:: Task ::
Print the entries exactly as they appear, and omit any images.

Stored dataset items
▬▬▬▬▬▬

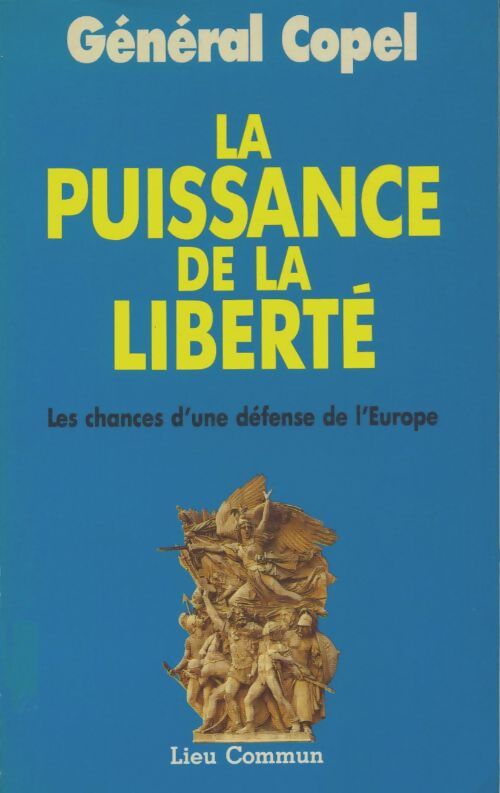 Livrenpoche : La puissance de la liberté : Les chances d'une défense de l'europe - Copel Général Etienne - Livre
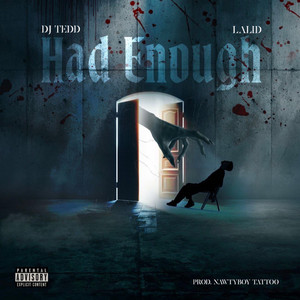 Had Enough by DJ Tedd, Lalid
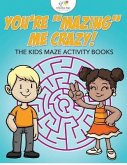You're &quote;Mazing&quote; Me Crazy! The Kids Maze Activity Books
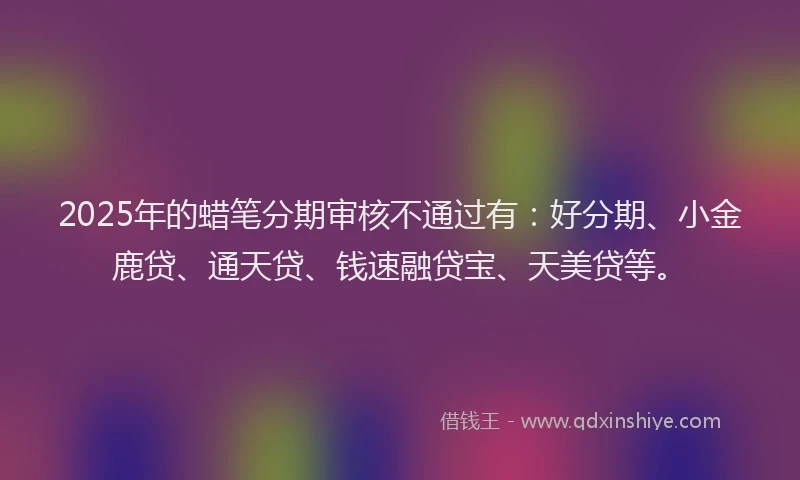 2025年的蜡笔分期审核不通过有：好分期、小金鹿贷、通天贷、钱速融贷宝、天美贷等。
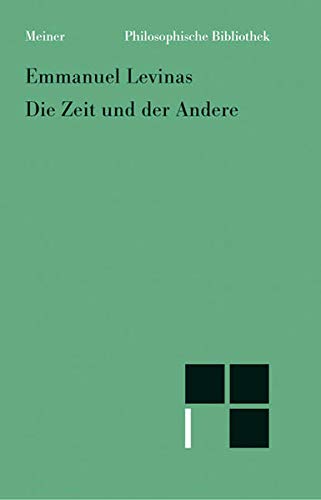 Die Zeit und der Andere (Philosophische Bibliothek) Die Zeit und der Andere (Philosophische Bibliothek)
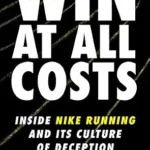 خرید و دانلود نسخه کامل کتاب Win at All Costs: Inside Nike Running and Its Culture of Deception – An Explosive Corporate Exposé of Alberto Salazar and Olympic Doping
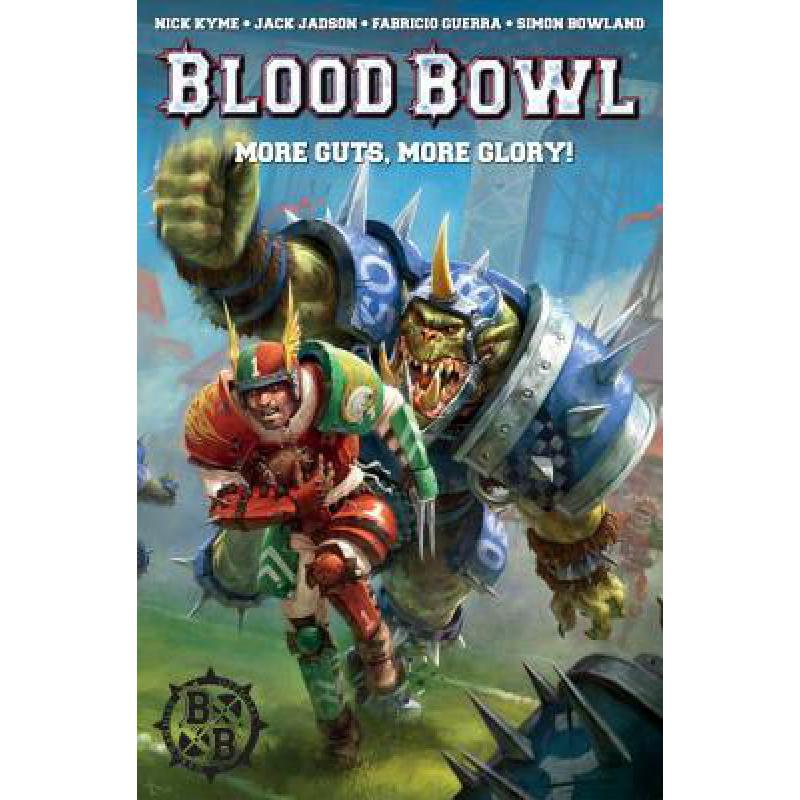 预订 Warhammer: Blood Bowl: More Guts, More Glory!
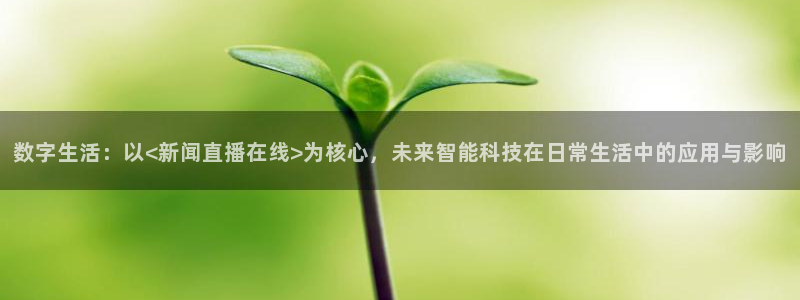球神直播体育在线：数字生活：以<新闻直播在线>为核心，未来智能科技在日常生活中的应用与影响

▬▬▬▬▬▬

:: Response ::
 Livrenpoche : La puissance de la liberté : Les chances d'une défense de l'europe - Copel Général Etienne - Livre
 Had Enough by DJ Tedd, Lalid
You're &quote;Mazing&quote; Me Crazy! The Kids Maze Activity Books
 2025年的蜡笔分期审核不通过有：好分期、小金鹿贷、通天贷、钱速融贷宝、天美贷等。
 Die Zeit und der Andere (Philosophische Bibliothek) Die Zeit und der Andere (Philosophische Bibliothek)
 خرید و دانلود نسخه کامل کتاب Win at All Costs: Inside Nike Running and Its Culture of Deception – An Explosive Corporate Exposé of Alberto Salazar and Olympic Doping
 预订 Warhammer: Blood Bowl: More Guts, More Glory!
球神直播体育在线：数字生活：以<新闻直播在线>为核心，未来智能科技在日常生活中的应用与影响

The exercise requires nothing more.